Three and a half years ago Cameron Crowe began quietly working on a biopic of the late soul R&B singer Marvin Gaye.

We say quietly because to find any such references from 2007 are nearly impossible and if you look at most movie or music sites or blogs you won’t find nary a mention (yes, including the good ol’ Playlist). Essentially, this has never been widely reported. Interestingly enough, it was mentioned briefly in a August 2009, LATimes article, but no one seemed to pick up on it.

Variety delivers more details today, in a lengthy feature about the difficulties and obstacles of bringing rock n’ roll biopics to the screen (always seemingly a sisyphean task with several rights issues involved).

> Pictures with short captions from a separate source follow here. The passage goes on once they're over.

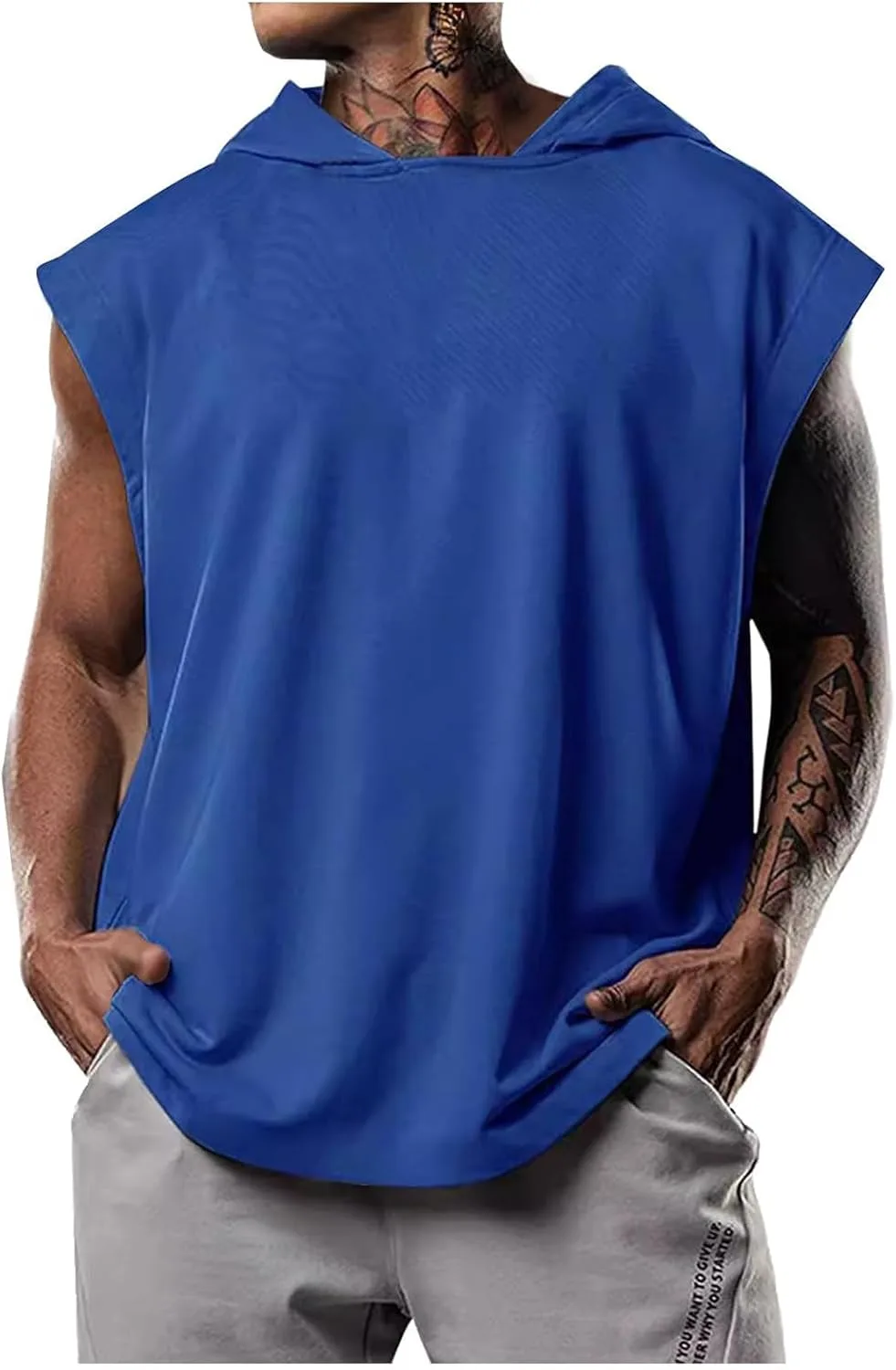 Мужская безрукавка с капюшоном и воротником-поло
Мужская безрукавка с капюшоном и воротником-поло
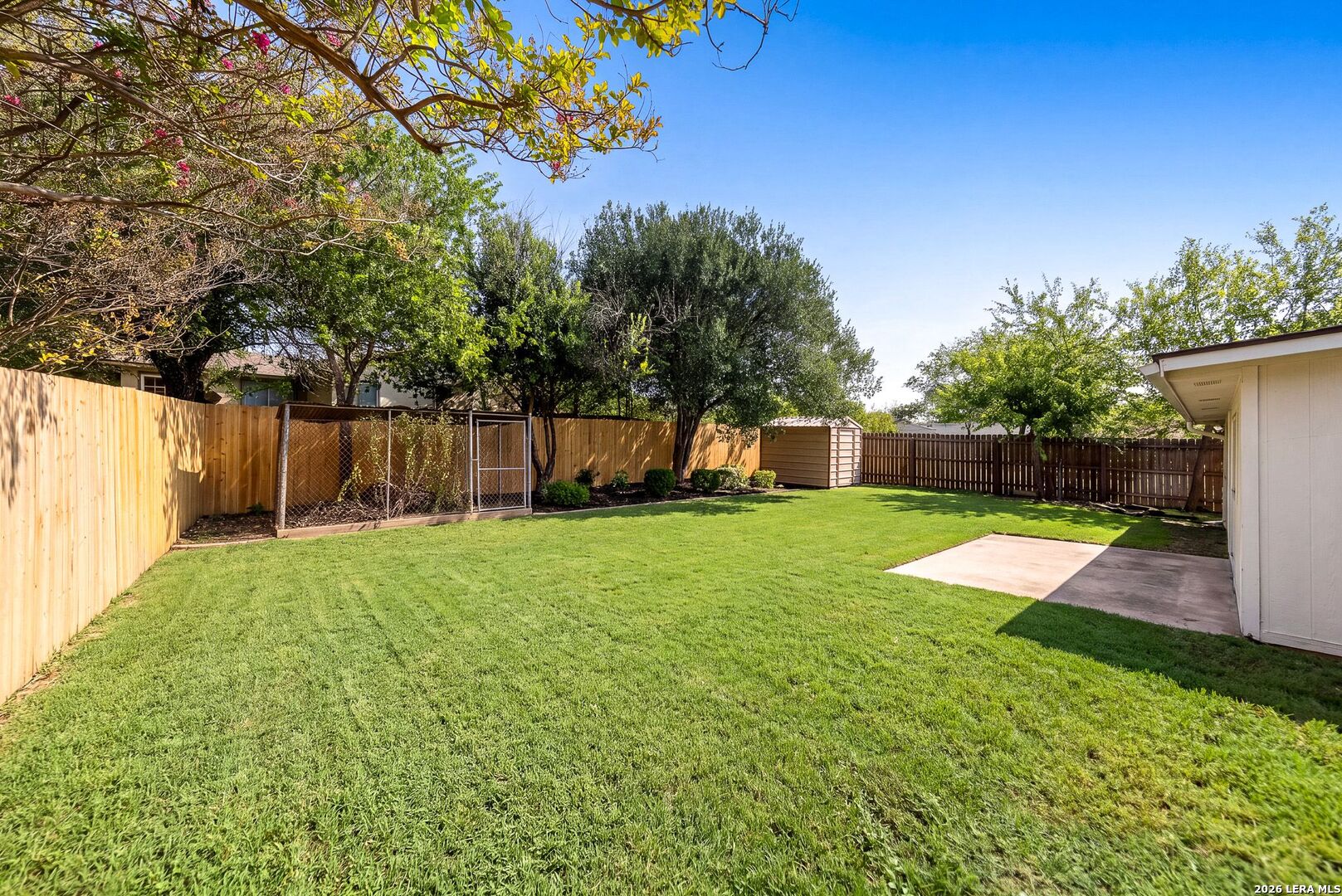 main property photo 40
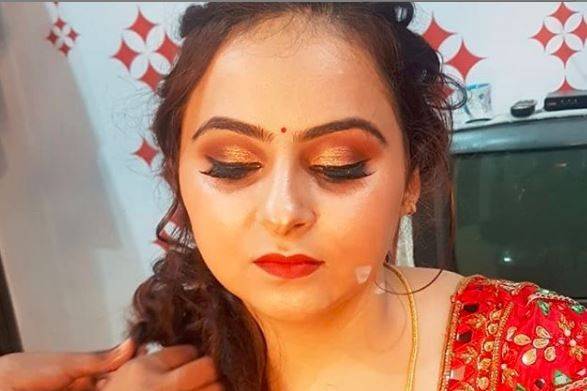 Avneet Kamra Avneet Kamra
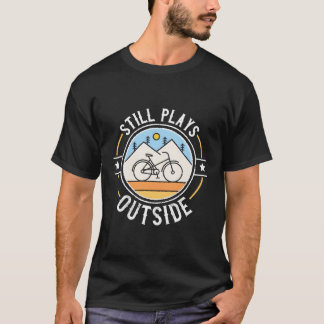Noch spielt ein Geschenk für das Radfahren im Frei T-Shirt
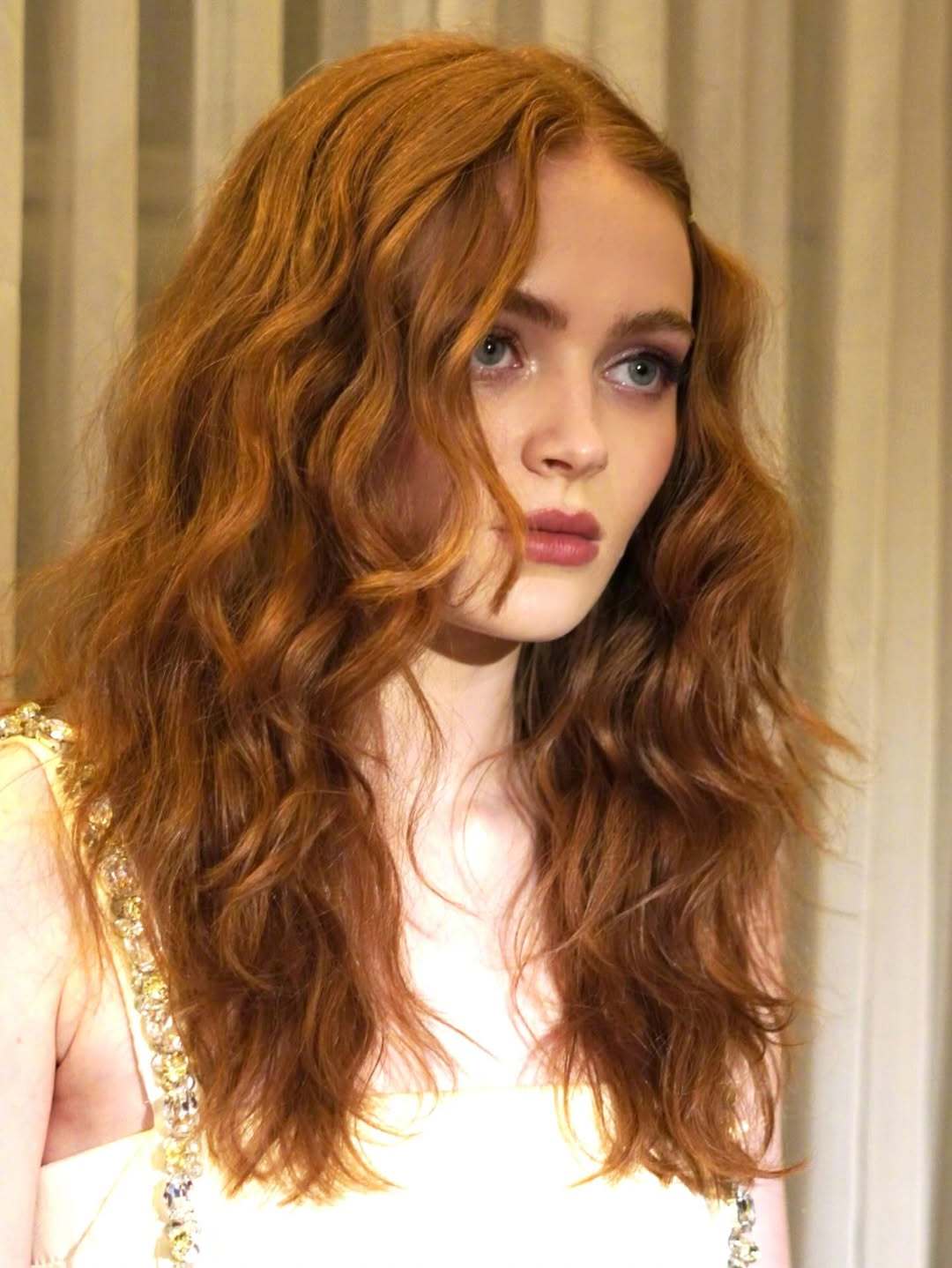 萨迪·辛克，怪奇物语第五季团队最新分享伦敦首映幕后（p1-3） 在本季宣传活动中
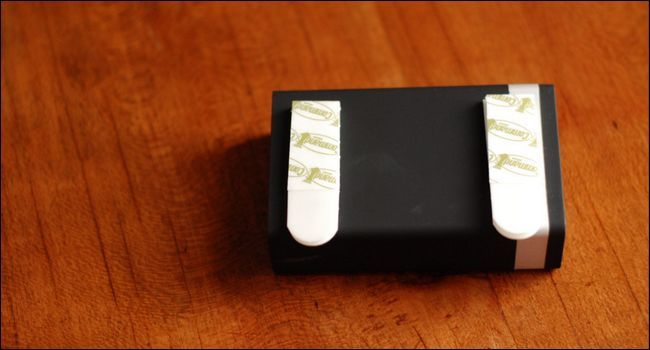 3M Command ленты приклеены к корпусу зарядного устройства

It’s kind of amazing what Crowe has done in secret so far. The project is already set up at Sony, Scott Rudin is already attached as the producer and he’s even secured extensive music rights and the full cooperation of Motown founder Berry Gordy. However, the project is now apparently being re-conceived, so that Crowe and Sony can come to terms on the budget. We presume that means the budget needs to come down and Crowe likely has to rework the script and potentially take out some scenes or rewrite them (lord, we’d love to get our hands on that script).

Evidently Will Smith was once in the running for the role, but eventually passed.

Gaye has meant a lot to Crowe — in a 2000 Guardian article about his career, the filmmaker wrote on his transition from rock journalist into a screenwriter and then eventually, a feature-film director noting Gaye was one of the last key artists he wanted to interview before moving on in this new direction.

By the end of the 70s I started to burn out on journalism. I was taking on too much and taking too long with stories. I didn’t know how much further I could go. I wanted to interview Marvin Gaye, but he wasn’t doing any more interviews. That was when I started on “Fast Times at Ridgemont High.”

Meanwhile, competing Marvin Gaye biopics have been in the works for some time now and we’ve got to wonder if that made Crowe and Rudin nervous? “Law & Order” star Jesse L. Martin was supposed to begin shooting a Gaye biopic titled, “Sexual Healing” in April of 2008, but for whatever reason it never got before the cameras, even though it was all set to go in February of that year. “Sopranos” actor James Gandolfini was in fact a producer on the film and was supposed to play Belgian promoter Freddy Cousaert, who guided the singer through his comeback, recording his last and biggest-selling studio album, 1982’s Midnight Love.

Then later in September of 2008, another biopic was announced with director F. Gary Gray (“The Italian Job,” the stoner comedy, “Friday”) at the helm. Titled, “Marvin,” that film obviously hasn’t hit the screen either, but was said to be a big passion project of Gray’s.

Either way, a Cameron Crowe directed Marvin Gaye biopic feels a ways off. His next film looks like it will be “We Bought A Zoo” which is based on Benjamin Mee’s autobiography, and may star Ben Stiller. Stiller and Crowe (and Reese Witherspoon) had already been set to team on the long-gestating Hawaii-set dramedy “Deep Tiki” which was ankled last year and now seems to have gone dormant.

Gaye’s life is a fascinating and tragic one. In 1983, exhausted after his Love tour, the singer moved in with his parents in Los Angeles. Gaye’s father Marvin Sr. shot his son to death after a business argument on April 1, 1984, one day before his forty-fifth birthday.